Utilize Employee Assistance Programs
Employee Assistance Programs (EAPs) can be a beneficial alternative to minimize out-of-pocket expenses. They’re commonly included in employee benefits packages and provide services for short-term counseling, referrals, and follow-up services. Contact your human resources department about this program and find out how you can avail.
Tap Into Your FSA or HSA Funds to Pay for Therapy
Do you have a flexible spending or health savings (FSA) account (HSA)? You can use these funds to cover the out-of-pocket costs for the mental health care you need. However, verifying which mental health expenses qualify for your FSA or HSA is crucial. Some services are only eligible if they’re medically necessary for your physical or mental health.

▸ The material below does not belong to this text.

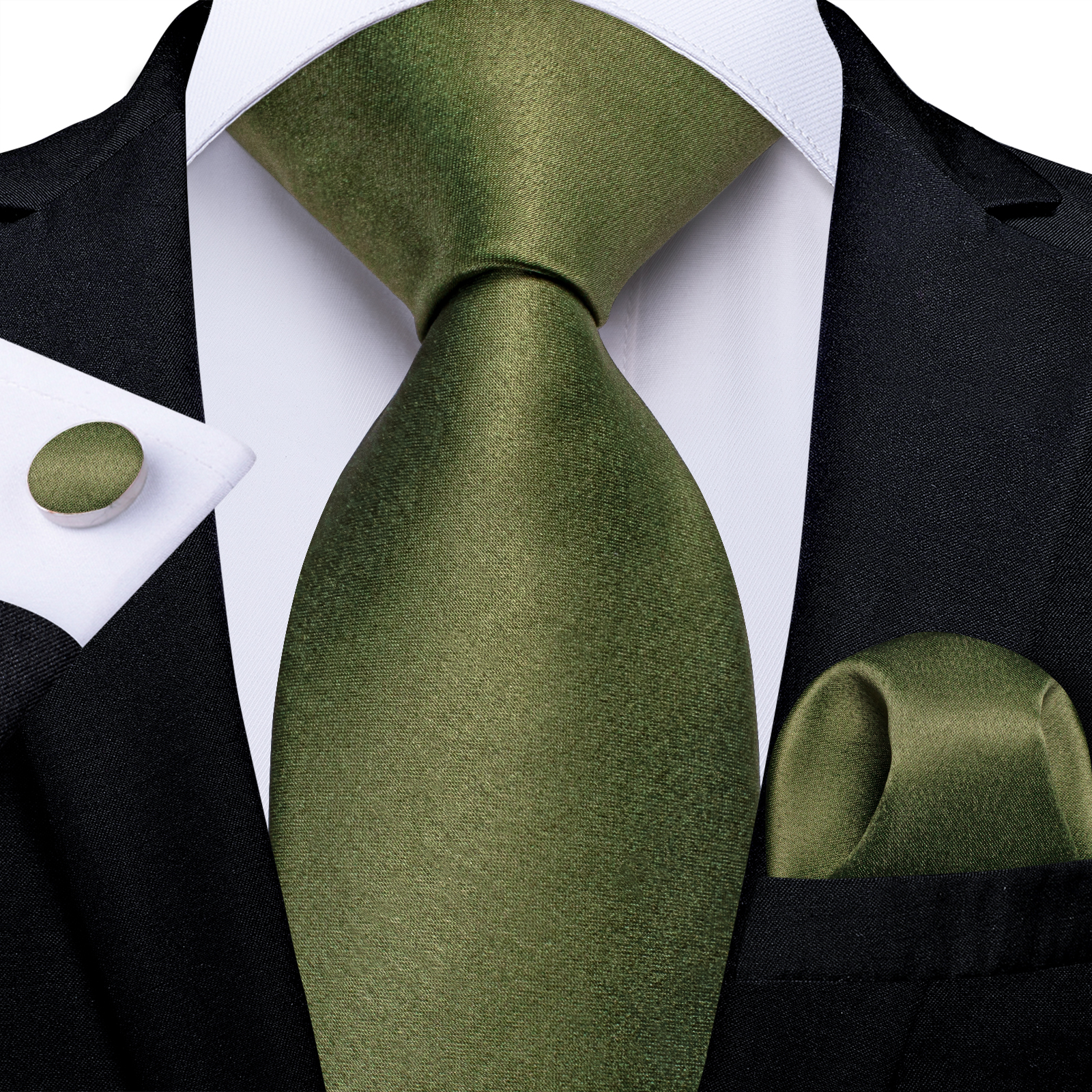 Dibangu Nieuwe Olijfgroen Effen Zijden Dassen Voor Mannen Pocket Vierkante Manchetknopen Gift Wedding Party Accessoires 8Cm Stropdas Set groothandel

Explore Potential Credit Card Options
A credit can also be a viable option to cover your mental health costs out of pocket. Suppose your monthly income is sufficient to cover the therapy out-of-pocket expenses. But you don’t have all the funds available during your weekly therapy sessions. You can cover the expenses using a credit card. However, consider looking for an interest-free option.
Conclusion
The financial burdens of receiving mental health care can be overwhelming. While it can be tempting to skip your counseling session and forgo getting psychiatric help, doing so may put your mental health at risk. Don’t let costs comprise the care you need to feel and function at your best.